Segment Start: Working data

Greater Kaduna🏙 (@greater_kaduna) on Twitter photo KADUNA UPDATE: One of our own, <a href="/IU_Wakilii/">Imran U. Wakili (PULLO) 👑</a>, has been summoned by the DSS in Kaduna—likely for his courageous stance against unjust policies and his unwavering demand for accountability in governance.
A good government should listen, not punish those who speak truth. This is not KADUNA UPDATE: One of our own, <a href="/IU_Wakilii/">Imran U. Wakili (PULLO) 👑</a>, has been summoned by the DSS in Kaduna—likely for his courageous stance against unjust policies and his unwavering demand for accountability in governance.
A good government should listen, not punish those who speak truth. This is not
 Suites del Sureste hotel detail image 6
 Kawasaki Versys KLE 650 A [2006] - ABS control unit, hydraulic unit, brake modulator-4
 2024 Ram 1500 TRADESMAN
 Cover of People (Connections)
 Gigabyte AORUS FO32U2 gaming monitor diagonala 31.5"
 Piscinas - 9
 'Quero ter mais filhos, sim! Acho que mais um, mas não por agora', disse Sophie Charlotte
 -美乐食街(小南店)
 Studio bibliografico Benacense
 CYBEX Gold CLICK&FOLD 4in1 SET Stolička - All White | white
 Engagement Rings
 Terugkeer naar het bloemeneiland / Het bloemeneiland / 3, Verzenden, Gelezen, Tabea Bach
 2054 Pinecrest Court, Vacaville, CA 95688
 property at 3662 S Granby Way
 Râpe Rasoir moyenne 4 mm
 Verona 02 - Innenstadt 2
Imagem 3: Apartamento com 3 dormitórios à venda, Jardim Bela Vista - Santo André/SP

Segment End: Working data

## Assignment
Once you have read the records, repeat them all exactly.

## Task answer
Greater Kaduna🏙 (@greater_kaduna) on Twitter photo KADUNA UPDATE: One of our own, <a href="/IU_Wakilii/">Imran U. Wakili (PULLO) 👑</a>, has been summoned by the DSS in Kaduna—likely for his courageous stance against unjust policies and his unwavering demand for accountability in governance.
A good government should listen, not punish those who speak truth. This is not KADUNA UPDATE: One of our own, <a href="/IU_Wakilii/">Imran U. Wakili (PULLO) 👑</a>, has been summoned by the DSS in Kaduna—likely for his courageous stance against unjust policies and his unwavering demand for accountability in governance.
A good government should listen, not punish those who speak truth. This is not
 Suites del Sureste hotel detail image 6
 Kawasaki Versys KLE 650 A [2006] - ABS control unit, hydraulic unit, brake modulator-4
 2024 Ram 1500 TRADESMAN
 Cover of People (Connections)
 Gigabyte AORUS FO32U2 gaming monitor diagonala 31.5"
 Piscinas - 9
 'Quero ter mais filhos, sim! Acho que mais um, mas não por agora', disse Sophie Charlotte
 -美乐食街(小南店)
 Studio bibliografico Benacense
 CYBEX Gold CLICK&FOLD 4in1 SET Stolička - All White | white
 Engagement Rings
 Terugkeer naar het bloemeneiland / Het bloemeneiland / 3, Verzenden, Gelezen, Tabea Bach
 2054 Pinecrest Court, Vacaville, CA 95688
 property at 3662 S Granby Way
 Râpe Rasoir moyenne 4 mm
 Verona 02 - Innenstadt 2
Imagem 3: Apartamento com 3 dormitórios à venda, Jardim Bela Vista - Santo André/SP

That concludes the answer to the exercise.